Supplied records:
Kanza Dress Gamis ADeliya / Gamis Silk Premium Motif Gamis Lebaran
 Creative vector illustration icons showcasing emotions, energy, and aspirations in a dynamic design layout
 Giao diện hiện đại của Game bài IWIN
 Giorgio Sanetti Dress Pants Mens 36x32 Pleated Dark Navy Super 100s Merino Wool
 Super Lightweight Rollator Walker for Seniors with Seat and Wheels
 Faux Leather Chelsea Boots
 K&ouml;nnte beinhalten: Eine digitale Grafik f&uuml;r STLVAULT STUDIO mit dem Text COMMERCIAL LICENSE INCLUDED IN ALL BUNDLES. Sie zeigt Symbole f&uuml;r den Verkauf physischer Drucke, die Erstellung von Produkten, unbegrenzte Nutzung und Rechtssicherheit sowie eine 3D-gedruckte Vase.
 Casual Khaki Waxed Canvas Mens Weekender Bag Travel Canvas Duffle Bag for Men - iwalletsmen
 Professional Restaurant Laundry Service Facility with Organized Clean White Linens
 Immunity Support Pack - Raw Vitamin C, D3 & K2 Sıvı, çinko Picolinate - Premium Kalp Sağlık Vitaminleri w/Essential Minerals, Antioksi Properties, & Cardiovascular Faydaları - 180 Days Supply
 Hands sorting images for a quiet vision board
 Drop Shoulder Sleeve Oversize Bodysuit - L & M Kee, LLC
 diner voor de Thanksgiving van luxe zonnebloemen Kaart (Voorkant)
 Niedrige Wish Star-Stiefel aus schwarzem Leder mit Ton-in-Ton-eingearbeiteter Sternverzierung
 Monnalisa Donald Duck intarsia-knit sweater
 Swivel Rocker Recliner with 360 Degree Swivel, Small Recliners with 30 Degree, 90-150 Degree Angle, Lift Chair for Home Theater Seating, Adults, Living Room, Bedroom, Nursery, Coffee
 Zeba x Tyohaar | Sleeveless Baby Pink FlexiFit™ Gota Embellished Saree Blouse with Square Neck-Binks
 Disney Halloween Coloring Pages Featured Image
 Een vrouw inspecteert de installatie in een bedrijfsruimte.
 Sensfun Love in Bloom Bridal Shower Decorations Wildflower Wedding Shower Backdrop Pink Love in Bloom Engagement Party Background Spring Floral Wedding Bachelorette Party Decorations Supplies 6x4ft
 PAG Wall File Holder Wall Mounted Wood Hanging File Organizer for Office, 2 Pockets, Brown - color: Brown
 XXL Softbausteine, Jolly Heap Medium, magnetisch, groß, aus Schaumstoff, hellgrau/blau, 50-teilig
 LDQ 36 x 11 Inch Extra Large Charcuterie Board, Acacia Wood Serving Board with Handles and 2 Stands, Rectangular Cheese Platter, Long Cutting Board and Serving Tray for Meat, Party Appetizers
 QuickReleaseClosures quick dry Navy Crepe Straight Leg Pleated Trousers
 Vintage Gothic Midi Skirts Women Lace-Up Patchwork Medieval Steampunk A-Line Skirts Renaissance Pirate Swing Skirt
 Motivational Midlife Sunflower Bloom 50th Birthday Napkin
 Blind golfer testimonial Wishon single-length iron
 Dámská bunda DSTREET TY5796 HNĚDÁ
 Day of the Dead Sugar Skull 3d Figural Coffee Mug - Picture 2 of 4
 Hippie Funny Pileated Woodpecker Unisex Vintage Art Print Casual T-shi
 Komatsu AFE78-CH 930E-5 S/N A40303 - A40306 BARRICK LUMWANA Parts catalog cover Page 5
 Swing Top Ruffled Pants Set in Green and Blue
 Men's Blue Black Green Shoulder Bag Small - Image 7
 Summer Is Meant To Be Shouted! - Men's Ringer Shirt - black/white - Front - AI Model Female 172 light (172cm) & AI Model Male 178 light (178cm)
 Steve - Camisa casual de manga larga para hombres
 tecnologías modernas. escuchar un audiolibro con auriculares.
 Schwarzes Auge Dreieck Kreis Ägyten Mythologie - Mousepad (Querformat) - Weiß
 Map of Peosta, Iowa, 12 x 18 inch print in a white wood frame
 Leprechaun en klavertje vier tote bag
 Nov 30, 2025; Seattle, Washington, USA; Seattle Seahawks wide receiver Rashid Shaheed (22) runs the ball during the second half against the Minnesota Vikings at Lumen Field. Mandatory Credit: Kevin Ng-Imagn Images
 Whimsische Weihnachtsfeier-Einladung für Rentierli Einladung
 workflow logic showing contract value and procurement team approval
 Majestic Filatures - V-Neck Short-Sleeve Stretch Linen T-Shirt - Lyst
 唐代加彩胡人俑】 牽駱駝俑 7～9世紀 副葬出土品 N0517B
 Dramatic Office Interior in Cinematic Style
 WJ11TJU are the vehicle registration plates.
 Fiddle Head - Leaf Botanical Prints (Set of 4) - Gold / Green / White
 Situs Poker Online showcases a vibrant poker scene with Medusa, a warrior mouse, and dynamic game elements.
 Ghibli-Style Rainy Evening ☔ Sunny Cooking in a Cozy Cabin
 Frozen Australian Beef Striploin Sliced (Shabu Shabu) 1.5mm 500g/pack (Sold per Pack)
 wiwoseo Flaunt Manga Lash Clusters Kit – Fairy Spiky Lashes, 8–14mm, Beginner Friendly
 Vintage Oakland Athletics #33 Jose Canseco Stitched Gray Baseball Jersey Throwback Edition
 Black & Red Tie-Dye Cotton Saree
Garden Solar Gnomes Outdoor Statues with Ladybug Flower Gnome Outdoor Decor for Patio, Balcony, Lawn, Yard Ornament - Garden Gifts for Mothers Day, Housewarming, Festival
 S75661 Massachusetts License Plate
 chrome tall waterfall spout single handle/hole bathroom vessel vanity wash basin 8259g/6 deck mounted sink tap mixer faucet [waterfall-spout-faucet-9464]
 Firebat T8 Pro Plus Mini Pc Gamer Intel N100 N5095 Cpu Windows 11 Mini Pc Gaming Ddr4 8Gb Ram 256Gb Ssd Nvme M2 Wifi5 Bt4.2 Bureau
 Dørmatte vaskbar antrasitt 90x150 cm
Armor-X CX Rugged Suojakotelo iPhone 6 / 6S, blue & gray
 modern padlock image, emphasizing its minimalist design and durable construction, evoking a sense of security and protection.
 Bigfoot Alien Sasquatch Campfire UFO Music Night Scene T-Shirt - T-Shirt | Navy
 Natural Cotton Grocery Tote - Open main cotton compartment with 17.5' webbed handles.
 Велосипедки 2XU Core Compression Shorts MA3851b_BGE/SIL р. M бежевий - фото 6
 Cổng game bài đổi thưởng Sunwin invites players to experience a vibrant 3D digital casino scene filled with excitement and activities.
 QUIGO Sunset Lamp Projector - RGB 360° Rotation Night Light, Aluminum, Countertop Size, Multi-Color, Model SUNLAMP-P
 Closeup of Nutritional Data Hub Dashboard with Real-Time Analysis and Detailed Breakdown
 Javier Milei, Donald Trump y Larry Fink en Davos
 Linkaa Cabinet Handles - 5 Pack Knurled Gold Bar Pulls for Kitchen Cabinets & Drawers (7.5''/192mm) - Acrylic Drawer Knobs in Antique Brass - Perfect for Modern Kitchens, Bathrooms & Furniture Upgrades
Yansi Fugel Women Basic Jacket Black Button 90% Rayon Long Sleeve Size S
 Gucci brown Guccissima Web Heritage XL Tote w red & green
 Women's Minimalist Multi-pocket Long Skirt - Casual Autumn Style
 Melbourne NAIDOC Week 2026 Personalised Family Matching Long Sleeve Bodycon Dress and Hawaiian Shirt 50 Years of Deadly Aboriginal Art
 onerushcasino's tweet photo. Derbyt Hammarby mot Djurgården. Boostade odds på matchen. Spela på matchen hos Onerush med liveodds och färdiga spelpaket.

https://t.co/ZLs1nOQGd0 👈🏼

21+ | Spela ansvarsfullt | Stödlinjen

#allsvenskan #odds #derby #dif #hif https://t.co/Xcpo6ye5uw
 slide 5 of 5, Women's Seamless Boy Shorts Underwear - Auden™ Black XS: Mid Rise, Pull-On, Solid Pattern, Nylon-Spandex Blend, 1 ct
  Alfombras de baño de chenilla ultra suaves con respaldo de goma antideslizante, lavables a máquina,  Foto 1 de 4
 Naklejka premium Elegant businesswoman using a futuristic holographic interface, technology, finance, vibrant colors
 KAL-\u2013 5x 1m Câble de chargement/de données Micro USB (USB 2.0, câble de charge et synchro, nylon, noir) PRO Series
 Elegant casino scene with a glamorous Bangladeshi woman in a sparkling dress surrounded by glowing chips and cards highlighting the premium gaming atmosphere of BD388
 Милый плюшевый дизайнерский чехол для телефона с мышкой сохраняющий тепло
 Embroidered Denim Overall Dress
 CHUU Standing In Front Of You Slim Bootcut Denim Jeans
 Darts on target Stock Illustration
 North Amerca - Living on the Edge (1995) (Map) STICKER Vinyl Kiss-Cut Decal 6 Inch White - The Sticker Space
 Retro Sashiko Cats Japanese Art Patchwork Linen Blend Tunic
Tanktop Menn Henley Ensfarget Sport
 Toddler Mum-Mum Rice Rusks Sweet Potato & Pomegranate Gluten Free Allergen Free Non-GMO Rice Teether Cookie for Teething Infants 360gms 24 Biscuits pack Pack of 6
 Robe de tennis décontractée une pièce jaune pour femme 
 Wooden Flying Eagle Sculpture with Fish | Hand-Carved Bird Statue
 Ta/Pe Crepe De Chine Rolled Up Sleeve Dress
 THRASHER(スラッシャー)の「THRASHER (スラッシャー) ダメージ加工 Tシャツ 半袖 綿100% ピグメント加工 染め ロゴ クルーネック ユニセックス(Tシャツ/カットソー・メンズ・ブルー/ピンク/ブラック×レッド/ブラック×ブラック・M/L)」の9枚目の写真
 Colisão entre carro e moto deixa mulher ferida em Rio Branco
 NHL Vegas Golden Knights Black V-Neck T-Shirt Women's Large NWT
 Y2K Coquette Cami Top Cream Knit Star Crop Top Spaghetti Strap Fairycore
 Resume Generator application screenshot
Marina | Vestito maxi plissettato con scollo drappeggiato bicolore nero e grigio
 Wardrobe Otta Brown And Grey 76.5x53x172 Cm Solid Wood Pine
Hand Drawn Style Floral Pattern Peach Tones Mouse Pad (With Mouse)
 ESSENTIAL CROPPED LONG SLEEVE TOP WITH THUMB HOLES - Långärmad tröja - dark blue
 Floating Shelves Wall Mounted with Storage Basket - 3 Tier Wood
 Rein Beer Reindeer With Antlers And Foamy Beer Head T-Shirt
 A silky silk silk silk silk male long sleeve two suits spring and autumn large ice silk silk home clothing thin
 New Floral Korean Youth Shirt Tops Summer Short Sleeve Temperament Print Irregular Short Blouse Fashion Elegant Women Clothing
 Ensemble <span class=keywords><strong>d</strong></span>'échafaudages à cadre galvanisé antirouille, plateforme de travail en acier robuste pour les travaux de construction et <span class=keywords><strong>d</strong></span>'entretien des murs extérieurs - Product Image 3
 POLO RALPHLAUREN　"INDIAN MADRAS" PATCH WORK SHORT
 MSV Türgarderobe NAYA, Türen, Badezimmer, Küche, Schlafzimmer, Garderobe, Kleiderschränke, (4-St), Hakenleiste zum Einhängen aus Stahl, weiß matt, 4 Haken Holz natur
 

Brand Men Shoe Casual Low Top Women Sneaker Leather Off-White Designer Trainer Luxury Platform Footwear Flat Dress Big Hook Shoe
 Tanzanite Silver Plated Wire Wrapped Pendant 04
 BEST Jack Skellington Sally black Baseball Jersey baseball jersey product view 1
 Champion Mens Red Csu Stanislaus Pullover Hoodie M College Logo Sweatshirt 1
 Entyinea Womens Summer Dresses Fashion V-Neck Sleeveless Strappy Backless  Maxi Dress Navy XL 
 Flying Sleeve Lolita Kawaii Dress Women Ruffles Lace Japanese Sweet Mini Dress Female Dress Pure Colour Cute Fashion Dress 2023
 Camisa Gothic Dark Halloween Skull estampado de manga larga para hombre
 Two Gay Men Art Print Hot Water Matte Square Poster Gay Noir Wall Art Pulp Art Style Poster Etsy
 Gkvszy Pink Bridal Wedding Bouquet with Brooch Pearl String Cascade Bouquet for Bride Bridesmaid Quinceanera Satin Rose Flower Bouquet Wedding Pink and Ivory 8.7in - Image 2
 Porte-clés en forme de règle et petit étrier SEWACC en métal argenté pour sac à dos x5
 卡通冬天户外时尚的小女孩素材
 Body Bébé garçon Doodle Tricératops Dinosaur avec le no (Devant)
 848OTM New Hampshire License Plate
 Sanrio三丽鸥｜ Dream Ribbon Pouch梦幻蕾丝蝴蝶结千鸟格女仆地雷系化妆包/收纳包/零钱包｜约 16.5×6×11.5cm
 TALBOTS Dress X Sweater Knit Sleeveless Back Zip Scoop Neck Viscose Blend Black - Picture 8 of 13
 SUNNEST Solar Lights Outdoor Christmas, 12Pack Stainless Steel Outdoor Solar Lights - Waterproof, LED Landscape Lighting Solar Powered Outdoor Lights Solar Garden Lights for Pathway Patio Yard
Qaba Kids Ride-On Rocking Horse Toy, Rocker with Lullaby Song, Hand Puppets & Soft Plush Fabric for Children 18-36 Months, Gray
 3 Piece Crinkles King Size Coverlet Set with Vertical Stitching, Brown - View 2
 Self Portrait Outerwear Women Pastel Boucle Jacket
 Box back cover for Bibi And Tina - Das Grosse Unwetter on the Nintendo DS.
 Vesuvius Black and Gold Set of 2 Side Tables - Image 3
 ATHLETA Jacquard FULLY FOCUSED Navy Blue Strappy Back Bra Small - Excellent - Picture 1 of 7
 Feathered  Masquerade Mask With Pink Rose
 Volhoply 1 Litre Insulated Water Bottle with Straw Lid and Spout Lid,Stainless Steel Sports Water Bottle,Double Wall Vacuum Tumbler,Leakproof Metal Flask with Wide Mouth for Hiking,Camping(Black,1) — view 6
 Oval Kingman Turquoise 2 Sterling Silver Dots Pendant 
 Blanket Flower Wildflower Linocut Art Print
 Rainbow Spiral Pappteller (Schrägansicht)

Work item: Nothing but a number should be given: the count of lines above that hold "Patio".

Task output: 2